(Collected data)
----
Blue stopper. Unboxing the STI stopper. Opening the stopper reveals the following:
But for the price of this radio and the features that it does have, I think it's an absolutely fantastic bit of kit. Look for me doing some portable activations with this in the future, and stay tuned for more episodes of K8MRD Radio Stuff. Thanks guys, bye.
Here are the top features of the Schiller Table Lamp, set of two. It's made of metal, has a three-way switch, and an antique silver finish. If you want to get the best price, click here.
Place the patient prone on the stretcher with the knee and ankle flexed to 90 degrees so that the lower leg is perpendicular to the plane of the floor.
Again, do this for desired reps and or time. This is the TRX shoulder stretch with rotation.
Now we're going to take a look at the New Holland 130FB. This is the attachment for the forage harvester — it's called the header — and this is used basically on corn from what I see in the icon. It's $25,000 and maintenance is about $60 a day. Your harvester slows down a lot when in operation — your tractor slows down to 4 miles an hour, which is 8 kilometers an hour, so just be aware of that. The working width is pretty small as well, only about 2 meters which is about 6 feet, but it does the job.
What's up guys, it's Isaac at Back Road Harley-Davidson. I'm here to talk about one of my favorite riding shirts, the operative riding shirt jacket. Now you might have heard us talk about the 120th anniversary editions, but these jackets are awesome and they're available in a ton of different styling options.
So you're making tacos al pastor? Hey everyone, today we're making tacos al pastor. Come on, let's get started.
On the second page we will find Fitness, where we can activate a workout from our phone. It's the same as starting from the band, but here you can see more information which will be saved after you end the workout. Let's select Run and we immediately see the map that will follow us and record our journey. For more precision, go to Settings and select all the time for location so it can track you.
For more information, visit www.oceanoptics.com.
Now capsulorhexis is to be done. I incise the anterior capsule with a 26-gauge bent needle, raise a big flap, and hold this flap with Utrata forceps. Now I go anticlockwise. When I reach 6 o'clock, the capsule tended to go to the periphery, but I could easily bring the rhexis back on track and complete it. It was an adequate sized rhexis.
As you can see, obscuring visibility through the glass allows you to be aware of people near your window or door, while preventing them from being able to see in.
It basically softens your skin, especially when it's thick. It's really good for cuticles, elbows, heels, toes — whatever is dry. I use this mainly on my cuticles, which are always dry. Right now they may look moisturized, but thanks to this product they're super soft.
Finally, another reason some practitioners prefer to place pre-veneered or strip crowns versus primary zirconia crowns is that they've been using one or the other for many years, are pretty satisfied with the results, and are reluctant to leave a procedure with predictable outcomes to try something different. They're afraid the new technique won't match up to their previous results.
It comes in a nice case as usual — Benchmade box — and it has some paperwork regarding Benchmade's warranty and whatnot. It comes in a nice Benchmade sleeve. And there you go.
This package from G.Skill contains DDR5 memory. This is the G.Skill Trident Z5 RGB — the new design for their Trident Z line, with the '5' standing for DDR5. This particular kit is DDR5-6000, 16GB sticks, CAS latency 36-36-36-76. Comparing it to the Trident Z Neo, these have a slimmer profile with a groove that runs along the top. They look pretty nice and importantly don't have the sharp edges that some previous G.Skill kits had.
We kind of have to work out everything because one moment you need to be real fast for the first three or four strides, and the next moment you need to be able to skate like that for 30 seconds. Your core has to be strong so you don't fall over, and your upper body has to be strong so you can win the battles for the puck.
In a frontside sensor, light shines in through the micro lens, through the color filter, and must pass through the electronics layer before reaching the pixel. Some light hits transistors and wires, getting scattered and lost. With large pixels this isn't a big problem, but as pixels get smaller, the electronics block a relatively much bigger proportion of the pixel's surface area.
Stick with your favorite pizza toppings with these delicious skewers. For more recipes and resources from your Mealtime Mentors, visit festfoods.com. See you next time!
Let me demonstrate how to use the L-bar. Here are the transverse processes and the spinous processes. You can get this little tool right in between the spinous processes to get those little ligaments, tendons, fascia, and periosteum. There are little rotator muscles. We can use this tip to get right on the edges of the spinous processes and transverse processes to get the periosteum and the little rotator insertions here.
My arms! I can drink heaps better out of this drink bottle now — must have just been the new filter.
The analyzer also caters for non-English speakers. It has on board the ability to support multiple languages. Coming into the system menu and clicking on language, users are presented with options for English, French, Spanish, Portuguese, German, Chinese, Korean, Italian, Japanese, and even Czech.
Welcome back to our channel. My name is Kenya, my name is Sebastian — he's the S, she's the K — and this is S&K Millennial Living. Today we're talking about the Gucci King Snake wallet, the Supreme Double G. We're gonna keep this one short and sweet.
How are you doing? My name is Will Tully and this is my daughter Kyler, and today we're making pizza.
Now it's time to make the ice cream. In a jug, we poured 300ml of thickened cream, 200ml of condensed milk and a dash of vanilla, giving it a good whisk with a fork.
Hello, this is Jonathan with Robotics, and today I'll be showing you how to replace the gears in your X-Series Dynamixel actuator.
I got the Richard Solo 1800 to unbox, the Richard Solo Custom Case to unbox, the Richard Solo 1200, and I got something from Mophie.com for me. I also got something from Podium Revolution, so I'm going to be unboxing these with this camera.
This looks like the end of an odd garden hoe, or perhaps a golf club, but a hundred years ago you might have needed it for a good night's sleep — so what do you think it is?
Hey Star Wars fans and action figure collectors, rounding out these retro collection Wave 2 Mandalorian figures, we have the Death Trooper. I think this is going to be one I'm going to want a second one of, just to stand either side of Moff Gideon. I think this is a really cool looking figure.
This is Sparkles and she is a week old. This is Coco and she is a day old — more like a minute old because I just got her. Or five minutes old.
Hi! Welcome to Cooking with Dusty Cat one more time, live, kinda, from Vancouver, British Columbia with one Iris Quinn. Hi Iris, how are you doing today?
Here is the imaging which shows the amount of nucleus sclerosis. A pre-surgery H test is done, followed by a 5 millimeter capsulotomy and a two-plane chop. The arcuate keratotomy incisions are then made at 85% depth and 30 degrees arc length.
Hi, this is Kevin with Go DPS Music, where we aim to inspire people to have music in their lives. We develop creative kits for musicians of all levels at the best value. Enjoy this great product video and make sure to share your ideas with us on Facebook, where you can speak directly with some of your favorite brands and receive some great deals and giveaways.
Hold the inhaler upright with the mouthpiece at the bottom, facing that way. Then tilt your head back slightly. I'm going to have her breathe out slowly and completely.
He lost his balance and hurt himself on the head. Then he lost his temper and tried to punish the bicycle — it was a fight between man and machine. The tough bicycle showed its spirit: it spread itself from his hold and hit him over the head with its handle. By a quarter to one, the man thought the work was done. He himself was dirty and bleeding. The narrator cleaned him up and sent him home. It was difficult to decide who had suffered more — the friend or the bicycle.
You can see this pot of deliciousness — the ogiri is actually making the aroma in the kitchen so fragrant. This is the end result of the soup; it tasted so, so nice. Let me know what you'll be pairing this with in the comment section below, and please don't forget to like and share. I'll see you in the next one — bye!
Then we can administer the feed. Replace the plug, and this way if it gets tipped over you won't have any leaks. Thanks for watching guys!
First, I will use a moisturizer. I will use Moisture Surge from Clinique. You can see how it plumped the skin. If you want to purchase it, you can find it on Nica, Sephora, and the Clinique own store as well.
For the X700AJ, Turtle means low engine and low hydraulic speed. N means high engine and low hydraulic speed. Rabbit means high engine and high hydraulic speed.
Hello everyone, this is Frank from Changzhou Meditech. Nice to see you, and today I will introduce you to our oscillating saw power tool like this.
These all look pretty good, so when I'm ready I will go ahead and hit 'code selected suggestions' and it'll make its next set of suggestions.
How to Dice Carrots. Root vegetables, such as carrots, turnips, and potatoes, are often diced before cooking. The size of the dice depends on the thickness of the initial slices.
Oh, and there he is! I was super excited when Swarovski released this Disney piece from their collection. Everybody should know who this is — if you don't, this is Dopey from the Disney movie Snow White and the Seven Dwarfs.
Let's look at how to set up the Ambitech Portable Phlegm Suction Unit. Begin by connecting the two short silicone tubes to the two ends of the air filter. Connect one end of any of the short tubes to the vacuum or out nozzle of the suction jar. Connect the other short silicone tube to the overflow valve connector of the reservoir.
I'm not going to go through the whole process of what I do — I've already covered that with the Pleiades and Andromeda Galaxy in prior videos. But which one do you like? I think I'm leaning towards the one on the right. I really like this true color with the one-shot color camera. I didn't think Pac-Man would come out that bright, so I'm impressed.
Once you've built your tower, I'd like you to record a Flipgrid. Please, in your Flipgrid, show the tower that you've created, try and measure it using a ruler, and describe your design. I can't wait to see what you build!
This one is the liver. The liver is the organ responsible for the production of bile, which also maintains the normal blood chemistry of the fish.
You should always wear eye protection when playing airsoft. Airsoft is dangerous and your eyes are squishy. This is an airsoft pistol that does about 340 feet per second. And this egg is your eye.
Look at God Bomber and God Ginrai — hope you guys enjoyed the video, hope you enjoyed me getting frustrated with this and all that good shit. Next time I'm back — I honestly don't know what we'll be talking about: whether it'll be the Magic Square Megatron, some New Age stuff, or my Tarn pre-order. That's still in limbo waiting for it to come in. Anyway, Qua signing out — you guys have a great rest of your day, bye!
----
_WORK REQUEST_. Whenever the string "pizza" occurs in a line of the entries above, copy that line.

_EXERCISE RESULT_.
Stick with your favorite pizza toppings with these delicious skewers. For more recipes and resources from your Mealtime Mentors, visit festfoods.com. See you next time!
How are you doing? My name is Will Tully and this is my daughter Kyler, and today we're making pizza.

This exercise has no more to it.